The coffee purchase commitment — which will put bagged, roasted coffee on the shelves of IKEA stores in some 30 international markets — is part of the company’s five-year-old Social Entrepreneurs Initiative, which aims to forge partnerships with traditionally marginalized suppliers in order to provide greater market access, training and sustainable incomes.
Bloomberg reported today that IKEA has partnered with Kawacom Ltd., a Uganda-based subsidiary of coffee trading giant and export company ECOM Trading that has been working to develop both robusta and arabica in Uganda since 1996. The retailer is committing to a three- to five-year partnership with Kawacom that this year will involve enough coffee to sell 500,000 250-gram packages of coffee, which equates to 275,000 pounds roasted.
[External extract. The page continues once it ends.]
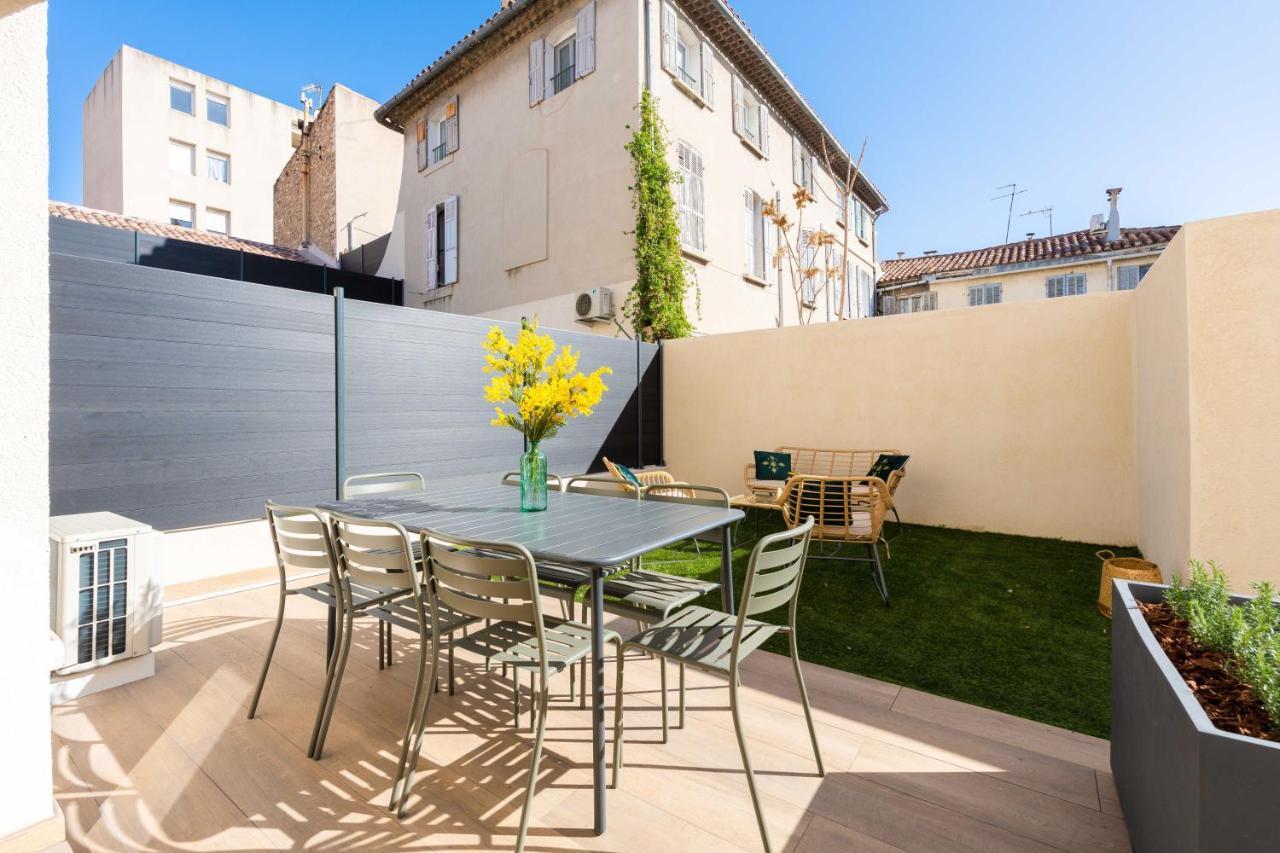 Ferienhaus La Maison Du Parc I Standing 3 8 Pers Parking Clim Wifi Velodrome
“We believe in the importance of inclusion of women and youth to support sustainable livelihoods. The White Nile project encourages a more equal share of responsibilities in both farmers’ businesses and family households, as well as shared access to resources to increase women’s independence,” IKEA said in a company profile of the initiative. “But it’s also about seeing the everyday life challenges, for example that access to water directly at the coffee processing site minimizes the need for long walks to fetch it elsewhere. Through addressing these and many more issues, coffee farming in the White Nile region will hopefully be an attractive business for generations to come.”
IKEA will be selling the coffee as a “single origin” offering under the name Påtår, which loosely translates in colloquial Swedish to “coffee refill,” and the company describes it as a “fresh and fruity medium roast” with notes of vanilla and caramel.